▸ Work task
With the pictures left out, copy the listing below exactly.

▸ Recorded information
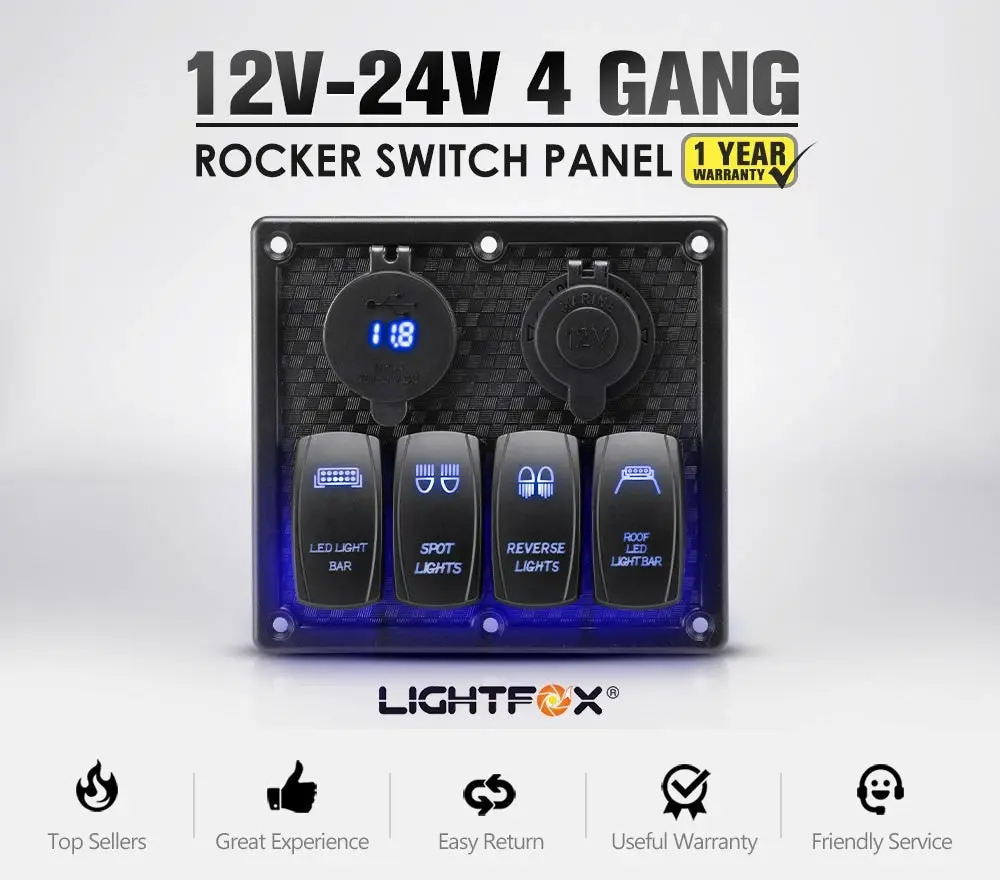 3 Gang Rocker Switch Panel ON-OFF Toggle Voltmeter USB C Type Charger 12V 24V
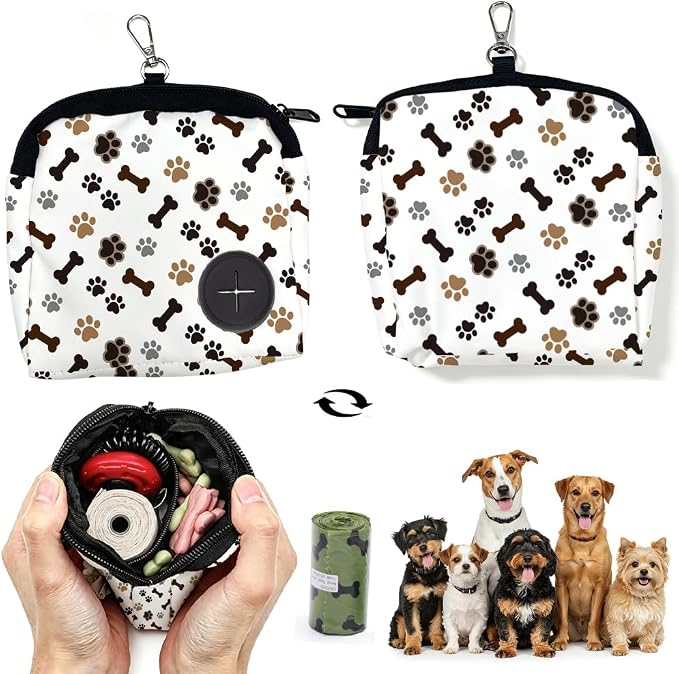 Dog Training Treat Pouch 5.12 x 4.72 Inch Clip on Pet Treat Bag Paw Print Pattern Polyester Portable Snack Reward Dog Food Dispensers with 1 Roll Garbage Bags for Traveling Outdoor Use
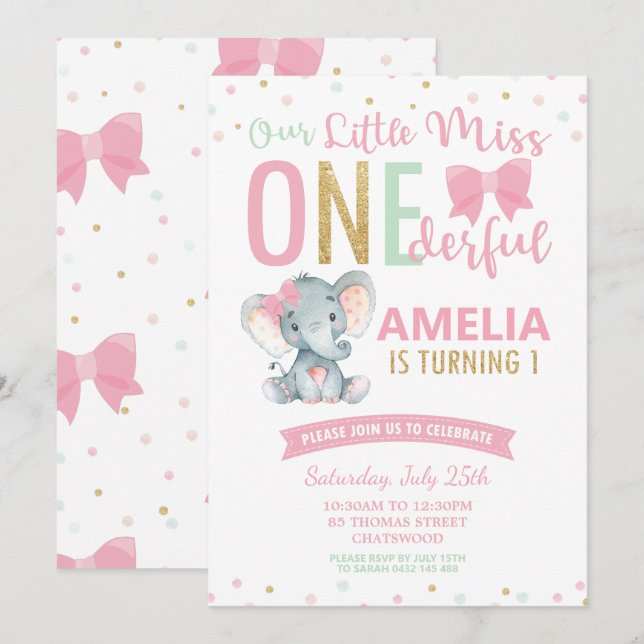 Cute Little Miss ONEderful 1st Birthday Elephant Inbjudningar (Fram/baksida)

▸ Exercise result
 3 Gang Rocker Switch Panel ON-OFF Toggle Voltmeter USB C Type Charger 12V 24V
 Dog Training Treat Pouch 5.12 x 4.72 Inch Clip on Pet Treat Bag Paw Print Pattern Polyester Portable Snack Reward Dog Food Dispensers with 1 Roll Garbage Bags for Traveling Outdoor Use
 Cute Little Miss ONEderful 1st Birthday Elephant Inbjudningar (Fram/baksida)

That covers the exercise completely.